Crisp, juicy and slightly sour, Haralson Apples are the reason Minneapolis city slickers make a beeline to southern Minnesota for the harvest festivals.

You can take the boy out of Minnesota, but you can't take Minnesota out of our Utah boy. In late Autumn, my buddy Mike gets a care package from Mom. We're particularly nice to Mike, this time of year, because the box is filled with the most scrumptious apples you'll ever find. That is, if you can find them.

I hate to break it to Mike but when it comes to endangered species, Haralson Apples are probably on the list. They are long growing, exceptionally cold hardy apple trees, popular in Minnesota and Wisconsin and that's pretty much it. In fact, even the National Arbor Foundation couldn't tell me where I could buy one of these terrific trees.

Did you know there are over 150 types of apple trees?

Hard to believe when you view the limited variety in most supermarkets. That's because the really tasty ones don't generally hold up to the demands of trucking them all over the US.

Haralsons are disease-resistant, extremely hardy, vigorous and productive. Ideal for hard cider. If you're lucky enough to find these trees, plant 3 for easy pollination.

PS: Beautiful spring flowers, too!

Sunday, November 05, 2006

Grape Harvest in Napa Valley

Robert Mondavi started his winery at the ripe old age of 50.
I intend to follow in his footsteps, though.. tick.. tock.. tick.. tock.. I haven’t made much progress, as yet.

High altitudes are great for grape growing. Intense high mountain sunlight means more ultraviolet exposure, an ideal setting for delicious wines. Grapes mature nicely during the warm, sunny days, building sugars naturally. Cool nights improve acidity levels, vital to premium winemaking.

Premium being the key word here because in order to get Kate’s Great Grape Escape Winery and Boutique Hotel off the ground, I’ll need to charge at least $10,000 a bottle. It’s pretty spendy to start a winery!

Rather than waiting for me to announce my first batch of Pinot Noir, head to Napa.Napa, like glaciers and sadly polar bears, too, won’t be around much longer, thanks to strange climactic days messing with grape production.

In the meantime, enjoy delightful Napa Valley reds and whites during harvest time when crowds are smaller and there is still lots to do.

A few fun things I've discovered on my visits to Napa:

Book a cave tour with Del Dotto Vineyards. Grab your glass and wander these haunted caves, sampling delicious reds direct from the barrels. It is, hands down, the most enjoyable wine tasting you'll ever experience. (Nicknamed Del Blotto, for generous pours and chocolate, too!)

Reserve a room at the El Bonita Motel. This 50's style (affordable!) motel is right in the middle of Napa's popular winery road, Highway 29.

Visit Dr. Wilkinson's (affordable!) spa for a relaxing mud or mineral bath.
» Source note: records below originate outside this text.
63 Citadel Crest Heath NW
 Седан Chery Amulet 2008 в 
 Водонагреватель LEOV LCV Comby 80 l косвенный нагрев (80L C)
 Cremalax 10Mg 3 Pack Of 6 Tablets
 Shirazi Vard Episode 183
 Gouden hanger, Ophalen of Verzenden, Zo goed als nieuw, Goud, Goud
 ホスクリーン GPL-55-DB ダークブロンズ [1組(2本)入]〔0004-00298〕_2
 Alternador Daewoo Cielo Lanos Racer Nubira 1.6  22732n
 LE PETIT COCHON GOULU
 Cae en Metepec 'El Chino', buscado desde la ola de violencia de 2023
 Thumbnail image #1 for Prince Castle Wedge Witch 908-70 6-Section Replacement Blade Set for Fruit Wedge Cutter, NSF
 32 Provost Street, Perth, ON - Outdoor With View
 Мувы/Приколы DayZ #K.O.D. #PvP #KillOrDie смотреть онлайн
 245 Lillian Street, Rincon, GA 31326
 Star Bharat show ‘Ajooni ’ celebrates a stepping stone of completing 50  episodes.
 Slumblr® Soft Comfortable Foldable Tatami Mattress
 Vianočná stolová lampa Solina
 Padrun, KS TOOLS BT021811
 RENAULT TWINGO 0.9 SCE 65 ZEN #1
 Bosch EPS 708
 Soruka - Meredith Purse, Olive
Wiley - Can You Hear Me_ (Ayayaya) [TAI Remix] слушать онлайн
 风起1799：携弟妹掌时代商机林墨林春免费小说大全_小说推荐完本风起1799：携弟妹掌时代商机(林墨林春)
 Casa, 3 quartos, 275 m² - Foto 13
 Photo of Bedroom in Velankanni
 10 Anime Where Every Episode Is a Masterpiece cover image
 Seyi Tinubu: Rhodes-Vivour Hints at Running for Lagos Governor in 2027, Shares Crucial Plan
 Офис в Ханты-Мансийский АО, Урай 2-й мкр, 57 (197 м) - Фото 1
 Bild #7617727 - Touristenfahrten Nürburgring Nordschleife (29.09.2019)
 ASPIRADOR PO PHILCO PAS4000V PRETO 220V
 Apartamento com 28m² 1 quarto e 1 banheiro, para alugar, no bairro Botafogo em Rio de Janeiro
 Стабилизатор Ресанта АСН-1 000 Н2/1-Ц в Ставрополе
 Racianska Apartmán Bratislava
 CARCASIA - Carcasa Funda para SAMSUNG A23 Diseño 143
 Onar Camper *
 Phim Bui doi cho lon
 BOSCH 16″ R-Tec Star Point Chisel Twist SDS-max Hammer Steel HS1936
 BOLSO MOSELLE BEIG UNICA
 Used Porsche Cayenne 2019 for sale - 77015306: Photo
Have lunch at Augerge Du Soleil (not the least bit affordable!) This incredible restaurant is located high on a hill, in Rutherford, with breathtaking views of Napa Valley.

Pick up everything you need for a gourmet picnic at the historic Oakville Grocery along the winery road, Highway 29, in Oakville. (Ten times more fun than Dean & Deluca.)

Ever wonder why they plant roses at the end of the row of grape vines? For posterity, mostly. Back before growing grapes became a science project, vintners kept a watchful eye on the roses. They'd succumb to disease quicker than grapes, alerting the grower to pests and problems before it hurt the crop.

* The highest vineyard in the world is at 9892 feet in Mendoza, Argentina. Donald Hess's first vintage, Colomé 2002, was released in October, 2006, to rave reviews.

* This darling little frog is the mascot of Schramsberg Sparkling Wine Vineyard. The frog is the only great thing they have going for them. It's a stuffy, over-priced tour, hardly worth the time and effort.